Me tomé la leche caliente en cuanto Enriqueta me la puso delante y después me retiré a mi cuarto. Creo que apenas dos minutos después de meterme en la cama me dormí. Soñé con Miguel, soñé que regresaba y volvía a mi lado, soñé con unas caricias que un día habían salido de sus manos para mí y que se habían quedado prendidas en la nada, con unos besos que me habían marcado la piel a fuego y que se empeñaban en dejarme cicatrices perpetuas y dolorosas, como doloroso fue el despertar y comprobar que, como dice el poeta, los sueños... sueños son. Y normalmente tienen poco que ver con la realidad.

*

En los días siguientes volví a la mercería. Enriqueta había tenido que buscar una muchacha para sustituirme y encima Carmencita no había podido disfrutar de ningún día de descanso. Así que le propuse que se tomara el resto de los días libres, si le apetecía, pues yo estaba dispuesta a hacer su turno y el mío. La mujer accedió con gusto, y de esa manera fue que me pasé el resto de las vacaciones de navidad en la tienda, que además a aquellas alturas del año tenía bastante actividad, por los regalos navideños y todo eso.

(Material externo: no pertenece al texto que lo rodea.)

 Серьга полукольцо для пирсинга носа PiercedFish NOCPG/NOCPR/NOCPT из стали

La trifulca con mi madre acabó pasándome factura. No quería volver a su lado, ni tenía pensado pedirle perdón porque mi opinión era que no había ningún perdón que pedir, pero aún así me sentía triste. Las horas en la tienda me distraían un poco de mis elucubraciones, pero cuando llegaba la noche mi cabeza comenzaba a bullir y oscuros pensamientos nublaban mi mente. Me sentía decaída, sin ganas de nada, así que la mayoría de los días me iba a la cama sin cenar y sin ni siquiera compartir unos minutos de televisión con Enriqueta y su hijo. La buena mujer se dio cuenta de que el fantasma de la depresión se asomaba a mi puerta e hizo todo lo posible por no dejarme caer en el pozo del desaliento. Y envió a su hijo a salvarme.

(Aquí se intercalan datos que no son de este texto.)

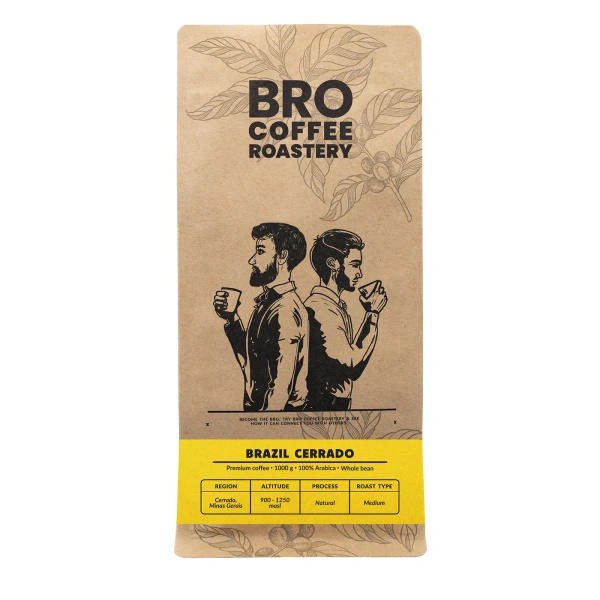 Sada na Pumpkin Spice Latte: káva Bro Coffee Roastery Brazil Cerrado 1kg + Pumpkin Spice Latte Mix 100g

domingo, 25 de octubre de 2020

Quince años y un secreto - Capítulo 14

 



Dos semanas después la mercería era como mi casa. Dominado completamente el arte de atender a los clientes, descubrí que el trato con la gente me gustaba y que era feliz hablando de hilos, camisetas interiores o pijamas. En la escuela de Magisterio las cosas no me fueron peor. Pronto conecté con profesores y compañeros y me lancé a la aventura de aprender a educar a los pequeños monstruos que son los niños. Compaginar ambas cosas no fue complicado. Por las mañanas acudía a las clases y por las tardes atendía la tienda. Como bien me había indicado Enriqueta, me llevaba los libros y aprovechaba los huecos entre cliente y cliente para echarles un vistazo. Como nunca había tenido dificultad para concentrarme en mis tareas, aunque hubiera gente y jaleo a mi alrededor, me resultaba bien sencillo estudiar en los momentos desocupados, que tanto podía ser la tarde entera, como no ser ni un minuto. Los fines de semana los tenía libres, así que aprovechaba para salir por Madrid y conocer la ciudad.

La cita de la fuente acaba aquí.